EXTRACTED DATA -
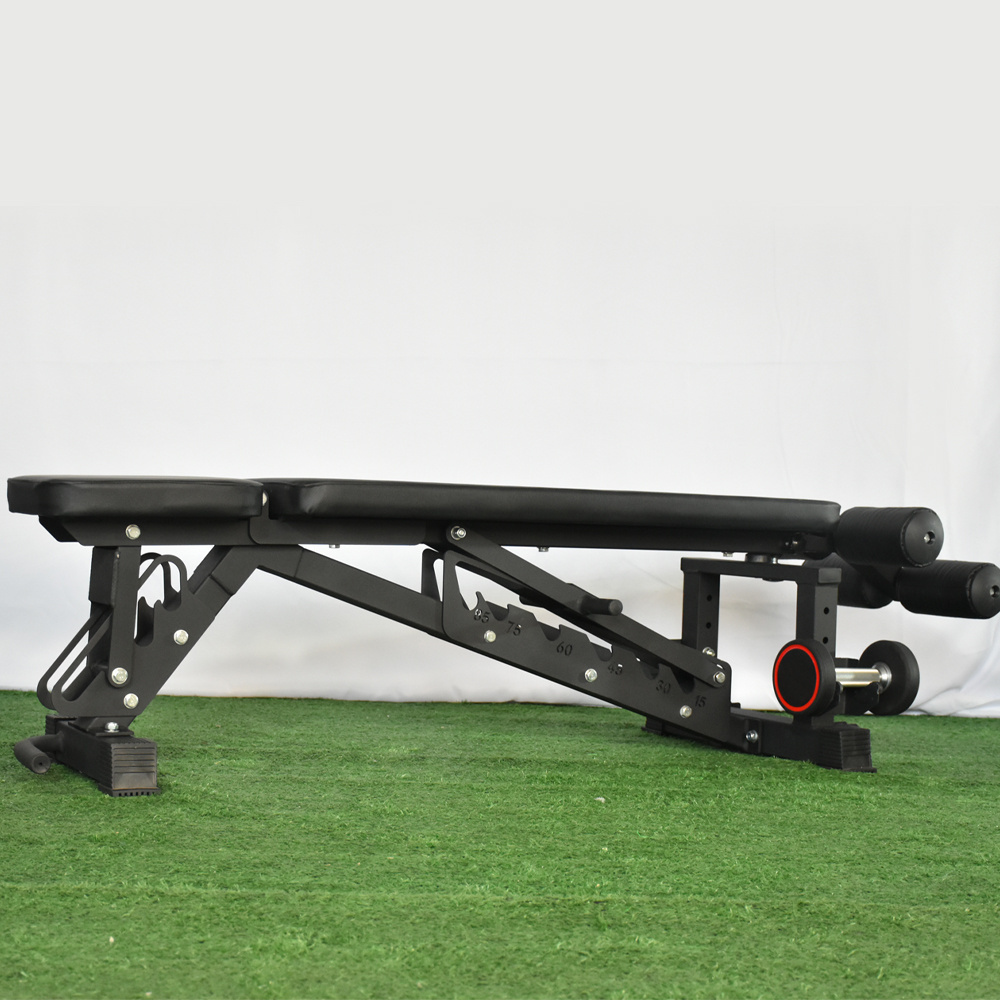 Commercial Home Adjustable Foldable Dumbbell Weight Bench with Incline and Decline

---

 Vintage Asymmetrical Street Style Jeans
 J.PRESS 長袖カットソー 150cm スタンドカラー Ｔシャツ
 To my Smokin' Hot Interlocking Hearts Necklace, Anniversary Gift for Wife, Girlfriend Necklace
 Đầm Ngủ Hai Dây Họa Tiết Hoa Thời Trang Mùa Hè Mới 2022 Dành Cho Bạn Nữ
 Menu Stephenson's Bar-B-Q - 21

PROBLEM STATEMENT - Word for word, restate the lines above from the line containing "Vintage Asymmetrical Street Style Jeans" through the line containing "Menu Stephenson's Bar-B-Q - 21", with both included and nothing else.

TASK RESPONSE -
 Vintage Asymmetrical Street Style Jeans
 J.PRESS 長袖カットソー 150cm スタンドカラー Ｔシャツ
 To my Smokin' Hot Interlocking Hearts Necklace, Anniversary Gift for Wife, Girlfriend Necklace
 Đầm Ngủ Hai Dây Họa Tiết Hoa Thời Trang Mùa Hè Mới 2022 Dành Cho Bạn Nữ
 Menu Stephenson's Bar-B-Q - 21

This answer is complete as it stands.